New revenues hold much greater promise than paywalls

Buttry Diary reporting:
My basic view about paywalls hasn’t changed since I wrote any of the pieces I cite at the end of this post. All those pieces and this one come down to this: The potential revenue paywalls will yield isn’t worth the damage they cause. And they cause twofold damage:
  1. They divert energy and investment from development of forward-looking revenue streams with far greater potential.
  2. They limit your audience, especially among the young adults on which any business of the future must be based.
My update is simply to share some new information that underscores (again) those points. But I’ll add this point in the international context: I don’t pretend to understand the market dynamics or cultural factors that might influence the success of paywalls in other nations. My views apply strongly to the U.S. market and culture and to a large extent as well to the Canadian market and culture. My experience and expertise beyond those countries is minimal.

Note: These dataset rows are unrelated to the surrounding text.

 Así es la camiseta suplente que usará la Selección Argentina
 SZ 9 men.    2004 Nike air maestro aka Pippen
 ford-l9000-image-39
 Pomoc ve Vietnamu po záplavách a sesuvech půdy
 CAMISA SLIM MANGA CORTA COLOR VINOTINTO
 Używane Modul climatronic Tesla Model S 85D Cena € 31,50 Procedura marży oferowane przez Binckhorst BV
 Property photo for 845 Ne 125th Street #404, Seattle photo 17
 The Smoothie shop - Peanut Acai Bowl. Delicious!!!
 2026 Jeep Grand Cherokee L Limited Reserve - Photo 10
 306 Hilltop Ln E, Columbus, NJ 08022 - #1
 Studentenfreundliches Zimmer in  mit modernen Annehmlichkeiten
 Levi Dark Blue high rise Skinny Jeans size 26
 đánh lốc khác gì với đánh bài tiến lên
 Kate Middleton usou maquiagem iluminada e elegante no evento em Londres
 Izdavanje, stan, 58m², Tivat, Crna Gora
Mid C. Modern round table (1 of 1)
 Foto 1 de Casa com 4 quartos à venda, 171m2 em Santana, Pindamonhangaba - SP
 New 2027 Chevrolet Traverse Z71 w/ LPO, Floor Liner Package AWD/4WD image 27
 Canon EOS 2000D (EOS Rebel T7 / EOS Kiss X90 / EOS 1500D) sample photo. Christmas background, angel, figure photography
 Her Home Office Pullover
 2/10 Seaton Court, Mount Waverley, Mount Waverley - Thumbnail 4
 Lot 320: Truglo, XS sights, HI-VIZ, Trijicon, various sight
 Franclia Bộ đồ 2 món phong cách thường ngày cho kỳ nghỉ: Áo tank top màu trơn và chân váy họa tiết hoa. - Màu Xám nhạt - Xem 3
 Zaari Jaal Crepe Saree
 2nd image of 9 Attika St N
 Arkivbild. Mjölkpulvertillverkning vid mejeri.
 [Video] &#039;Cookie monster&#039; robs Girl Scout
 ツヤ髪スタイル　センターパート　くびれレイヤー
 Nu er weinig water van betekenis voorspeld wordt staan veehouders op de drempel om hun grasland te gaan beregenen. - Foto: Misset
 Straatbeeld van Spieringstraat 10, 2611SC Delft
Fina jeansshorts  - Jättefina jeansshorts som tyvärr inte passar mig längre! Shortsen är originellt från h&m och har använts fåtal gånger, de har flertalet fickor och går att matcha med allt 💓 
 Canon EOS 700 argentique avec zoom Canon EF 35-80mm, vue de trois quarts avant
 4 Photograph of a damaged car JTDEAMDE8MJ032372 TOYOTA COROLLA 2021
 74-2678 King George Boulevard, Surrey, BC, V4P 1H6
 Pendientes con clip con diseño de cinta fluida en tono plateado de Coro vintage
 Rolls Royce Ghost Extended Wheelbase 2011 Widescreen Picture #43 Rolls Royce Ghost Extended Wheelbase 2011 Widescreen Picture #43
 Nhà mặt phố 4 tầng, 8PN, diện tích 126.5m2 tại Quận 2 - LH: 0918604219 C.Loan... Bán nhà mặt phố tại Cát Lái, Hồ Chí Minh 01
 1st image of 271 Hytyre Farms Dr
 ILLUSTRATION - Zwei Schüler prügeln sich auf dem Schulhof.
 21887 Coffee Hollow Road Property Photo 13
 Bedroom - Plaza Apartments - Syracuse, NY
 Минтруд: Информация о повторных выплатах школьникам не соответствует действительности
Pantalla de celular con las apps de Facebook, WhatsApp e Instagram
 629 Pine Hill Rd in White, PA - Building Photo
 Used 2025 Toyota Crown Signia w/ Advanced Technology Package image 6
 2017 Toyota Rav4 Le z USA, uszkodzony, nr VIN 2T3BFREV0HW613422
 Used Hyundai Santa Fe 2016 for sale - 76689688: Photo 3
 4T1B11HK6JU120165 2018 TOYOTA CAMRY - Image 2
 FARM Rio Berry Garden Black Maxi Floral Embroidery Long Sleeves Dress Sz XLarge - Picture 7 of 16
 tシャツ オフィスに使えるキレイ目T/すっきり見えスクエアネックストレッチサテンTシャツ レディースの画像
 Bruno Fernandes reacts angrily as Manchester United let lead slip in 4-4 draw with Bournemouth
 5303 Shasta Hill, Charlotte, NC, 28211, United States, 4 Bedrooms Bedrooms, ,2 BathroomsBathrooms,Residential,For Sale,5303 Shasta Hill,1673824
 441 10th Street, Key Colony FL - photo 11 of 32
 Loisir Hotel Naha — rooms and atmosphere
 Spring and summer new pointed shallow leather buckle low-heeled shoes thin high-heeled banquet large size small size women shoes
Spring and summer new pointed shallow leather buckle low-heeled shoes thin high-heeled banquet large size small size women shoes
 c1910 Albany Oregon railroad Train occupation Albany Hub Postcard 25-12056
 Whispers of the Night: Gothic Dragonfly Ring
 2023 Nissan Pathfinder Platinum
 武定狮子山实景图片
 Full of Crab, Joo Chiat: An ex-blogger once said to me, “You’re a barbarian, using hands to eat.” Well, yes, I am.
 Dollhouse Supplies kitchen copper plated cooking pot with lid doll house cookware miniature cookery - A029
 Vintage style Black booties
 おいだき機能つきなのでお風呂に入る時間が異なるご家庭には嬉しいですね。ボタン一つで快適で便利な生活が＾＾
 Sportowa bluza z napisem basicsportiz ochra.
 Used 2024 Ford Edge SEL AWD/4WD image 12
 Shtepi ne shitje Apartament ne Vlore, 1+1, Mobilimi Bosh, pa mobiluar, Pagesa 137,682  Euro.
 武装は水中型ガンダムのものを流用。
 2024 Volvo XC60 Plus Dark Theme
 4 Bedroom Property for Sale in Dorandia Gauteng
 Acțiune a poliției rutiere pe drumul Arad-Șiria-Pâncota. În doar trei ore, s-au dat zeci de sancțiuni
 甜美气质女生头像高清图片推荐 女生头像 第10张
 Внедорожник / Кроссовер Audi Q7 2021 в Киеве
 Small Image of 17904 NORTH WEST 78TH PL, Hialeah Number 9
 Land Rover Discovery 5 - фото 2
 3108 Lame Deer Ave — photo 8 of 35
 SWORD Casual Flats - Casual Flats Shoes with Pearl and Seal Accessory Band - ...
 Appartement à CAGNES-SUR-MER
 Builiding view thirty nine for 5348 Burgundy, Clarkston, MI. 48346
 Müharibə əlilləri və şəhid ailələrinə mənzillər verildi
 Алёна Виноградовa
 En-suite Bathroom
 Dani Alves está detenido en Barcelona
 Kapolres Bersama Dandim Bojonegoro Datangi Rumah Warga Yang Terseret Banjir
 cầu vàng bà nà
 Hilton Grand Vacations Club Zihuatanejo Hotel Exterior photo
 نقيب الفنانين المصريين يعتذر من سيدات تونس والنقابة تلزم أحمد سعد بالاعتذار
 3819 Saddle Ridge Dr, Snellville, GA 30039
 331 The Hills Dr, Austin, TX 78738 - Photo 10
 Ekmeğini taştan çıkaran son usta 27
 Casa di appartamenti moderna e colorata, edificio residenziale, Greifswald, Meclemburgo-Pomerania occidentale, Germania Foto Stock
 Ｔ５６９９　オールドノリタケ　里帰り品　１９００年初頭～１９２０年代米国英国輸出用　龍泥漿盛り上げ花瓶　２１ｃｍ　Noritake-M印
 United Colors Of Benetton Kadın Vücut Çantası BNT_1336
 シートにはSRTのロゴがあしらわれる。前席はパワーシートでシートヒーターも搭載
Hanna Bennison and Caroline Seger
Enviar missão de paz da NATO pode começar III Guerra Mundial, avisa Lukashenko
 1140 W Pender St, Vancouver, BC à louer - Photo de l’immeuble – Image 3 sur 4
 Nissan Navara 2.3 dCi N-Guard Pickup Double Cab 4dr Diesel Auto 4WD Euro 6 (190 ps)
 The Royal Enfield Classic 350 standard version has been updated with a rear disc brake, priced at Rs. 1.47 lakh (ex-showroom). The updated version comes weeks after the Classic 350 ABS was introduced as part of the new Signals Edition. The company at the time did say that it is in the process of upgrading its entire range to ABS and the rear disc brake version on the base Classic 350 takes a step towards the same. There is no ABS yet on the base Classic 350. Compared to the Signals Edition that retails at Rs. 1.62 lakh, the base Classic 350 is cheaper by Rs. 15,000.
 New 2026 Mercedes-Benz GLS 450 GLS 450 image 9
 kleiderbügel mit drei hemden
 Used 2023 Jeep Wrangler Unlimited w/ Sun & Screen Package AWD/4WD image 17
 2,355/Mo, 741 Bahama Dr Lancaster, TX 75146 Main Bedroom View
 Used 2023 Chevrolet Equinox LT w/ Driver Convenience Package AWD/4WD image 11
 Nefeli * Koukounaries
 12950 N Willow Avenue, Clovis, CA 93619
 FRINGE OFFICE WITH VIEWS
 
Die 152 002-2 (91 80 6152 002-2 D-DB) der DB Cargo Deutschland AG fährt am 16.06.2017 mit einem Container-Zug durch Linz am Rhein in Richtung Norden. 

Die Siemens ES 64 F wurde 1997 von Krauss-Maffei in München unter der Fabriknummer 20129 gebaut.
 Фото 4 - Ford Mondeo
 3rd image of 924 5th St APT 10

New revenue sources have greater potential

The Newspaper Association of America’s revenue profile, released April 8, does not provide dollar figures for digital subscription (paywall) revenue, but says digital-only subscriptions totaled about 1 percent of total circulation revenue, which was $10.4 billion. So digital-only subscriptions totaled about $100 million.
NAA does not give a figure for “bundled” or “all-access” subscriptions, where people pay for print and digital subscriptions together, though it says revenue from bundled subscriptions grew fivefold from 2011. That’s a nearly meaningless number, since lots of places were just launching bundled subscriptions in 2011 and 2012.
Ken Doctor is an optimist about and advocate for paywalls and he projects $300 million in revenue from U.S. paywalls in 2013. That’s gross revenue, so you need to subtract the substantial fees paid to paywall operators such as Press+ and MediaPass, as well as promotion costs.
The NAA report for the first time broke out the newspaper industry’s revenues from “new revenue sources.” The specific categories cited here included two that were growing rapidly: Digital agency and marketing activities, up 91 percent during the year, and e-commerce and transactions (a service I advocated four years ago in my Blueprint for the Complete Community Connection), up 20 percent. The other three “new revenue sources” actually aren’t all that new (I guess they’re newly counted) and all were declining: events, commercial delivery and commercial printing.